President Obama has signed a law that is designed to bring some relief to Americans who are affected by a product safety law that was enacted in 2008 in order to prevent children from obtaining toys containing lead.
The law went into effect in 2011 and risked prohibiting the sale of four-wheelers and dirt bikes meant for children aged 12 and younger.
Businesses selling these recreational vehicles, and the families who purchase those vehicles from them, asked the federal government for assistance in overcoming this struggle. Congress passed House Resolution 2715 to remove all-terrain vehicles for youth from the law, as well as their printed materials and parts.

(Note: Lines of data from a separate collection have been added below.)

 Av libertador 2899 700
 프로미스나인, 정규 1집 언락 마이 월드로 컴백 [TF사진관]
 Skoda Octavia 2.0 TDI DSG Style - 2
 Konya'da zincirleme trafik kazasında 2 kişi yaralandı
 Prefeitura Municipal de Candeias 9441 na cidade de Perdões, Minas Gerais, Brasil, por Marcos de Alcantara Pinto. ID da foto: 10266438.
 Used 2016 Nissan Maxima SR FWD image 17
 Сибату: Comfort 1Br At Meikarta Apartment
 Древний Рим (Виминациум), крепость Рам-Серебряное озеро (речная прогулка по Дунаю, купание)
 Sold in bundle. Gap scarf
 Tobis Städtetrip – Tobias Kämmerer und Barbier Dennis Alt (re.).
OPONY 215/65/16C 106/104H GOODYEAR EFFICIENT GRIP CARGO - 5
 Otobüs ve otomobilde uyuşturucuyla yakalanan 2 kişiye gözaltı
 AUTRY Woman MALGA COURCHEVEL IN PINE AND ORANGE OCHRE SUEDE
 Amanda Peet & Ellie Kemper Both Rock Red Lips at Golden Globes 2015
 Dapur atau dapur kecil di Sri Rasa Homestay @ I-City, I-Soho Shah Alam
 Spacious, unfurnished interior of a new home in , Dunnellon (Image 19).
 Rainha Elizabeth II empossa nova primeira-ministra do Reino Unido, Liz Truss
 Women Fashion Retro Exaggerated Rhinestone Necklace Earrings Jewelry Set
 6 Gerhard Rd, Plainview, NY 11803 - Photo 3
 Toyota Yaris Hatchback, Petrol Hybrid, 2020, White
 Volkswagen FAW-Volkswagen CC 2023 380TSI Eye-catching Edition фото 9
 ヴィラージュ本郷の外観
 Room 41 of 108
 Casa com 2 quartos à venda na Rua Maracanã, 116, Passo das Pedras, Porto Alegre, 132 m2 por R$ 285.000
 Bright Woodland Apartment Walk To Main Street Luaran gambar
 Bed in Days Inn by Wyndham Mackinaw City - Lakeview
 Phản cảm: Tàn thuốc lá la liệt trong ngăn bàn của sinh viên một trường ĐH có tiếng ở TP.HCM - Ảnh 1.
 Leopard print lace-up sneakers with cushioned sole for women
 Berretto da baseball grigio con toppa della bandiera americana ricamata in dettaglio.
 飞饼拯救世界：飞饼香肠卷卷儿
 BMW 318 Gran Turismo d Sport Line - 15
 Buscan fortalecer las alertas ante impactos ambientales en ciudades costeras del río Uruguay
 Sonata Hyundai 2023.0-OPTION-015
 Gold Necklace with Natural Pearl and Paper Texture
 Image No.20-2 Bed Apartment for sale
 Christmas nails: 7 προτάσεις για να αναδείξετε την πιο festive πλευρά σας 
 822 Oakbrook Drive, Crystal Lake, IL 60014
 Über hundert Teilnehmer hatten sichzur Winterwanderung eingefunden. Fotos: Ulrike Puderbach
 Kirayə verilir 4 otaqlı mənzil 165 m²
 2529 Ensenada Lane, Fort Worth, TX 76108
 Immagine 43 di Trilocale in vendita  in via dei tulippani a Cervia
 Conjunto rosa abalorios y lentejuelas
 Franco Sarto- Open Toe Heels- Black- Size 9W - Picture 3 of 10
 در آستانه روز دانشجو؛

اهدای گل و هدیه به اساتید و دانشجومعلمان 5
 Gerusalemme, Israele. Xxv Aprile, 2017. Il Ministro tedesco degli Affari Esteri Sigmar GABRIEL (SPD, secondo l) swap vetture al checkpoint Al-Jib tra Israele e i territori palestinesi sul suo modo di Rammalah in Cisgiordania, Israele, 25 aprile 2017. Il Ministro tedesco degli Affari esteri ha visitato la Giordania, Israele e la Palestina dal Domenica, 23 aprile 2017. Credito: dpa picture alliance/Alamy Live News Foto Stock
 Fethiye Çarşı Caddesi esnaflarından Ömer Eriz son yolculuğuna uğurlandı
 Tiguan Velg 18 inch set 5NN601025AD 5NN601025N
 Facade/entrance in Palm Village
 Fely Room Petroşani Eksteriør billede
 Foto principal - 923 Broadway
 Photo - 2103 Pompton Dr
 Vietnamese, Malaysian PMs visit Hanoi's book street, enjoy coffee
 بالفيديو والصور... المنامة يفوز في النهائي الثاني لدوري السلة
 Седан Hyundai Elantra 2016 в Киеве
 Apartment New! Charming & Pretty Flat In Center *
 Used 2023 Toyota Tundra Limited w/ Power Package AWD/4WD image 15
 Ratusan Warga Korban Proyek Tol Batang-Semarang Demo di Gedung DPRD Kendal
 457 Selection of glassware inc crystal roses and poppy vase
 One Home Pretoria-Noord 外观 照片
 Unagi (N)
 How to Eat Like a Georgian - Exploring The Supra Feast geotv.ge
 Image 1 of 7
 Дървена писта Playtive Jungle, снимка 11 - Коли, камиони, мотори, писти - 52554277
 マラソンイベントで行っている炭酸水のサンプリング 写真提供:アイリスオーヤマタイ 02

One of the sponsors of the bill was Rep. Joe Barton, R-Arlington, said that America must be a world leader for children’s toy standards. He added that “Keeping kids safe should be our No. 1 priority, but at a certain point, common sense has to kick in.” Barton explained that the new bill is an effort made in good faith in order to help repair some of the issues that had been included in the previous law.
The original law was created following problems with recalls of children’s toys made in China and elsewhere in 2007. The Consumer Product Safety Improvement Act was passed by Congress in the attempt to keep toys with high lead levels out of the hands of children.
Though it is important to help keep lead levels from damaging the brains of children, the federal law went beyond toys and took in books, clothing, dirt bikes, and four wheelers for kids.
As dirt bikes and four wheelers are now easier to buy, sell, and repair, this should have a positive effect on insurance rates. Especially following the release of data that has shown that the majority of injuries on these devices occur on adult-size models, as they are more difficult for children to ride, they are faster, and they are larger.